The possibility that concrete provisions will underdetermine abstract design principles can lead in more than one direction. One response is to embrace normative interpretation and say that interpreters should attribute to the Constitution the principles that would have led them, as reasonable drafters, to produce the concrete provisions. But someone like Bork who believes that judges, at least, should not be following their own values will be very troubled by that way of deducing structural principles.

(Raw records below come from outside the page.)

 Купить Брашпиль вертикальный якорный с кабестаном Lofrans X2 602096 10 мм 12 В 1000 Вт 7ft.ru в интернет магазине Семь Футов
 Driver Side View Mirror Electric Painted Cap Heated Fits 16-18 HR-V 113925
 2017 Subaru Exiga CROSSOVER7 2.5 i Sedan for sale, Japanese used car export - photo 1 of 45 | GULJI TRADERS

Another response is to rely on only those structural principles that any reasonable designer must have relied on. Whether many principles will satisfy this test is doubtful. Even more doubtful is whether any reasonable author of the Constitution must have thought that democracy is the rule and judicially enforced limitation is the exception. In my view, norms as broad as that one generally are constructions as that concept is now used: they will rest on both genuine constitutional principles and also the normative views of those who support the construction, because those views will establish the priority among constitutional values that is necessary to produce determinacy at such a high level of generality. A preference for nonconstitutional law over constitutional law might well appeal to construction makers who had had a bad experience with judicial review.

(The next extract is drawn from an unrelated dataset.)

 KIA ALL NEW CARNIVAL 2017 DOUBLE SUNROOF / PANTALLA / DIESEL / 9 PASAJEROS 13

Robert Bork, however, did not indicate that he was proposing something that would now be called a construction. He seems to have regarded the fundamentally democratic character of the Constitution as so blindingly obvious that it hardly required any explanation. Anyone could see that limitations on democratic power enforced by the courts were a carefully cabined exception, not the basic principle. He was certainly not alone in that view. His great friend Alexander Bickel worked from the same premise, as did Bork’s colleague Professor John Hart Ely.16
Perhaps they were right; it is hard to match that trio as students of the Constitution. But not everyone will see it that way. As indicated above, I would say that a reasonable person who thought democracy fundamental could have written the Constitution—as could a reasonable person who thought limitation on democracy fundamental—so the structure does not support inferences based on one assumption or the other.
We know that Bork made structural inferences with confidence and that he inferred that the Constitution fundamentally creates an electoral democracy. We can only speculate, however, about the details of his understanding of structural reasoning. In particular, I know of no evidence bearing on his approach to the situation in which reasonable minds differ as to the design principles that can be inferred from the observed structure. If he thought that the inferences he drew were indubitable, the problem may well never have occurred to him. I suspect that he did, and that it did not.
While we do not know how far Bork would have been prepared to go with structural inferences that did not seem obviously correct to him, it is possible to identify one interesting potential answer that may seem to be consistent with his principles but that I think is not. It is tempting to think that Bork would have favored an approach to structural inference, and to the resolution of ambiguity and vagueness more generally, that produces determinate answers. If the Constitution is less determinate in its meaning, there is more room for judicial subjectivity. But the preference for democracy against judicial value judgments is itself the product of a structural inference. Once established, it might be used to guide interpretation on other issues, but it cannot be established using the premise that clear answers are preferred because they avoid judicial value judgments. As Professor Bork explained in his Constitutional Law I class, circular arguments are not wrong, but they are also not helpful, because they do not tell us anything we do not already know.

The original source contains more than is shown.